Reputation: 27
I have been searching various sources but it is not clear to this neewbie. How do I load data (CSV file) from Cloud Storage to Cloud Datastore from an AppEngine PHP application? I do have an existing method which downloads the file and then loads each row as a transaction. It takes a few hours for a few million rows so this does not seem the best method and have been searching for a more efficient method. I appreciate any guidance.

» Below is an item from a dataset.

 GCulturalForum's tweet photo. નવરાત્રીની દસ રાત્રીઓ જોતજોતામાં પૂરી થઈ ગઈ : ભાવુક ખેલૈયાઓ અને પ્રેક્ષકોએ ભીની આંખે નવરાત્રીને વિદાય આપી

Editing this as I have switched to trying to use a remote URL from which to load the JSON data into Datastore from GAE. Code is not working though I do not know why (yet):
<?php
require 'vendor/autoload.php';
use Google\Auth\ApplicationDefaultCredentials;
use Google\Cloud\Datastore\DatastoreClient;
/**
* Create a new product with a given SKU.
*
* @param DatastoreClient $datastore
* @param $sku
* @param $product
* @return Google\Cloud\Datastore\Entity
*/
function add_product(DatastoreClient $datastore, $sku, $product)
{
$productKey = $datastore->key('SKU', $sku);
$product = $datastore->entity(
$productKey,
[
'created' => new DateTime(),
'name' => strtolower($product)
]);
$datastore->upsert($product);
return $product;
}
/*
Load Cloud DataStore Kind from remote URL
@param $projectId
@param $url
*/
function load_datastore($projectId, $url) {
// Create Datastore client
$datastore = new DatastoreClient(['projectId' => $projectId]);
// Enable `allow_url_fopen` to allow reading file from URL
ini_set("allow_url_fopen", 1);
// Read the products listing and load to Cloud Datastore.
// Use batches of 20 for a transaction
$json = json_decode(file_get_contents($url), true);
$count = 1;
foreach($json as $sku_key => $product_val) {
if ($count == 1) {
$transaction = $datastore->transaction();
}
add_product($datastore, $sku_key, $product_val);
if ($count == 20) {
$transaction->commit();
$count = 0;
} catch (Exception $err) {
echo 'Caught exception: ', $err->getMessage(), "\n";
$transaction->rollback();
}
$count++;
}
}
try
{
$projectId = 'development';
$url = 'https://raw.githubusercontent.com/BestBuyAPIs/open-data-set/master/products.json';
load_datastore($projectId, $url);
} catch (Exception $err) {
echo 'Caught exception: ', $err->getMessage(), "\n";
$transaction->rollback();
}
?>
Upvotes: 1
Views: 970
Reputation: 51
Google provides pre-written dataflow templates. You can use the GCS to Datastore Dataflow Template to read in the CSV, convert the CSV into Datastore Entity JSON, and write the results to datastore.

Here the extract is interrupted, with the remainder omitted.